:: What you have to do ::
Once you find the line below that contains "SUB COMPACT", write it out along with every later line exactly as given, stopping only when the records end. Omit the pictures.

:: Supplied records ::
=======

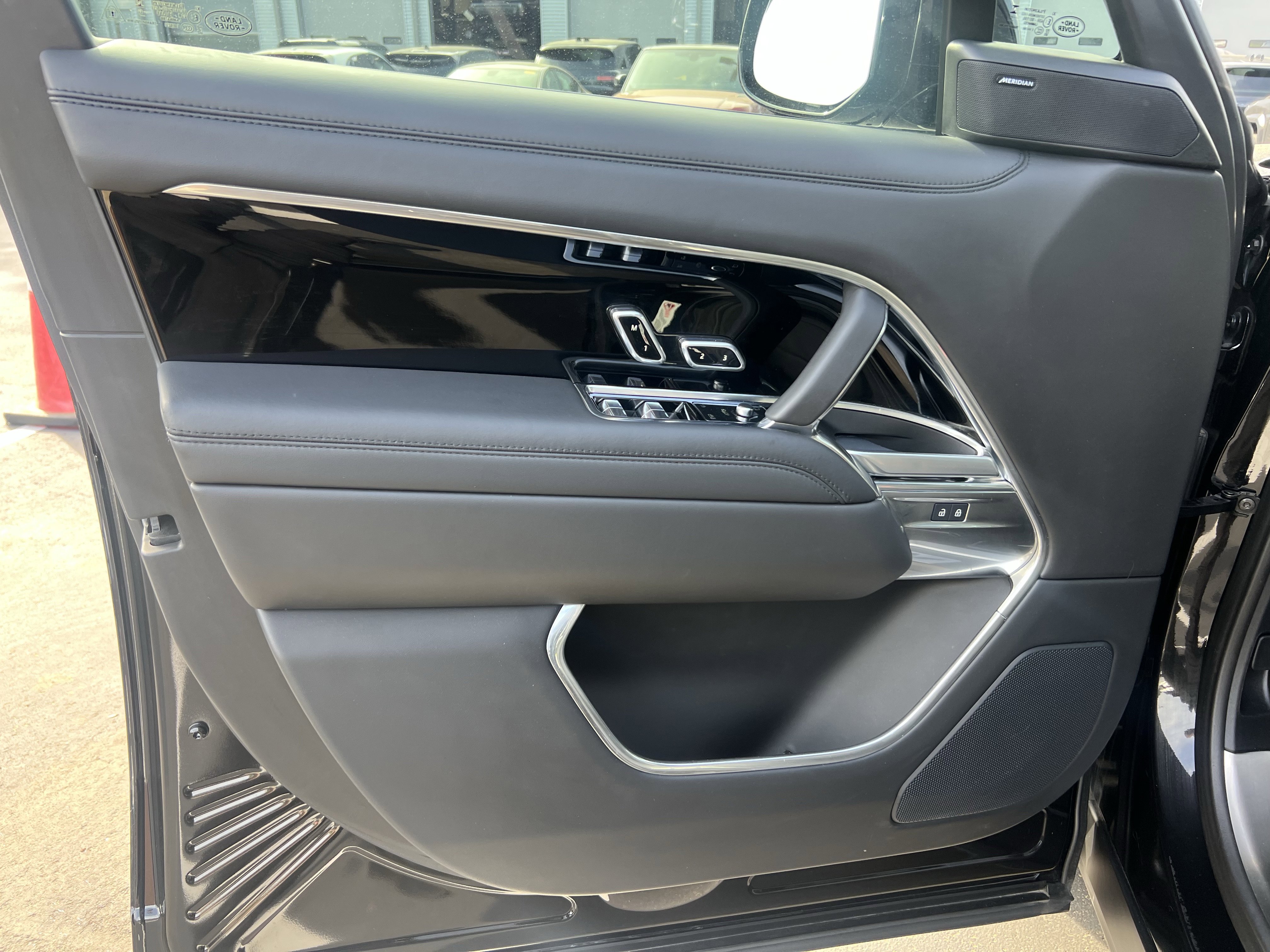 Certified 2024 Land Rover Range Rover Long Wheelbase SE image 12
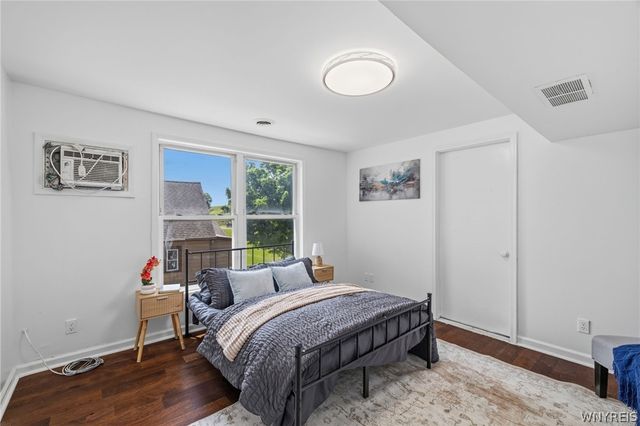 30 Dwyer Street, West Seneca, NY 14224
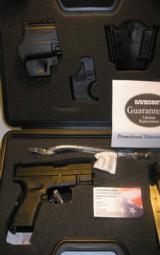 SPRINGFIELD
XD-40
SUB COMPACT
&
KIT
WITK
TWO
MAGS
FACTORY
NEW
IN
BOX - 1 of 15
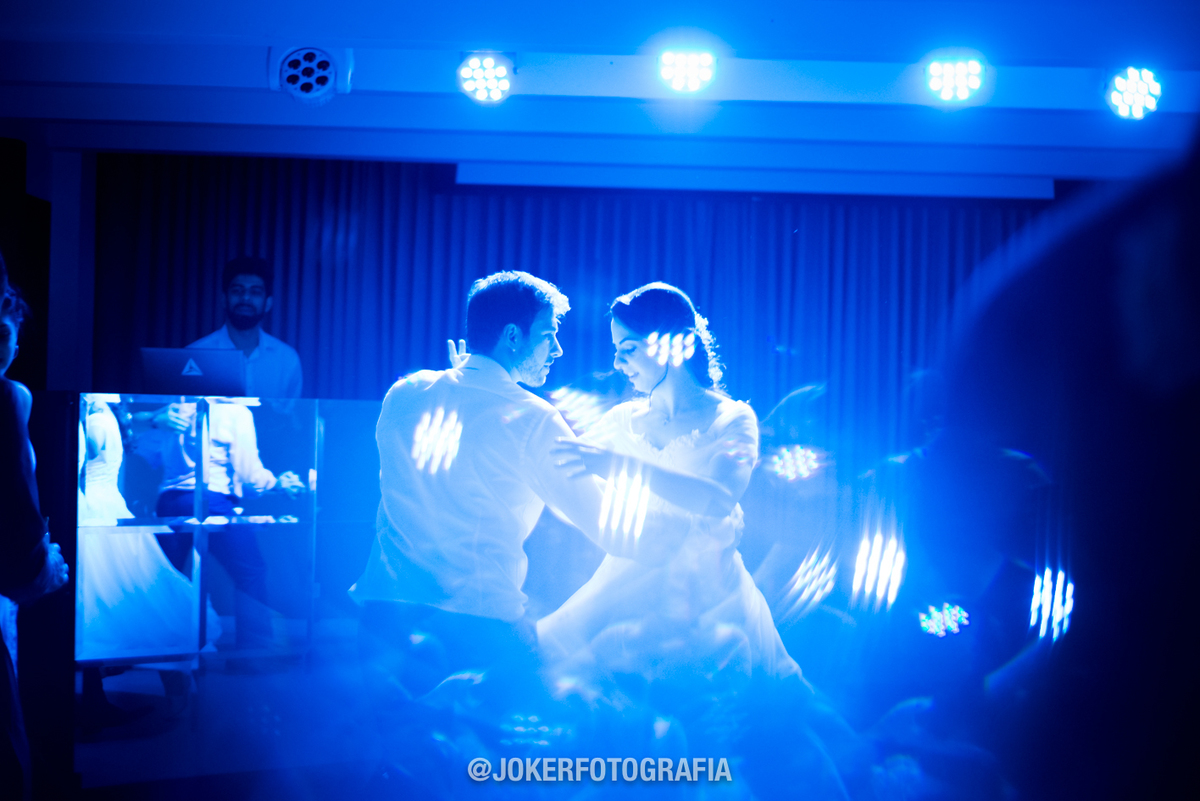 dança dos noivos dj e iluminação da casa lia para casamentos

=======

:: Exercise answer ::
SUB COMPACT
&
KIT
WITK
TWO
MAGS
FACTORY
NEW
IN
BOX - 1 of 15
 dança dos noivos dj e iluminação da casa lia para casamentos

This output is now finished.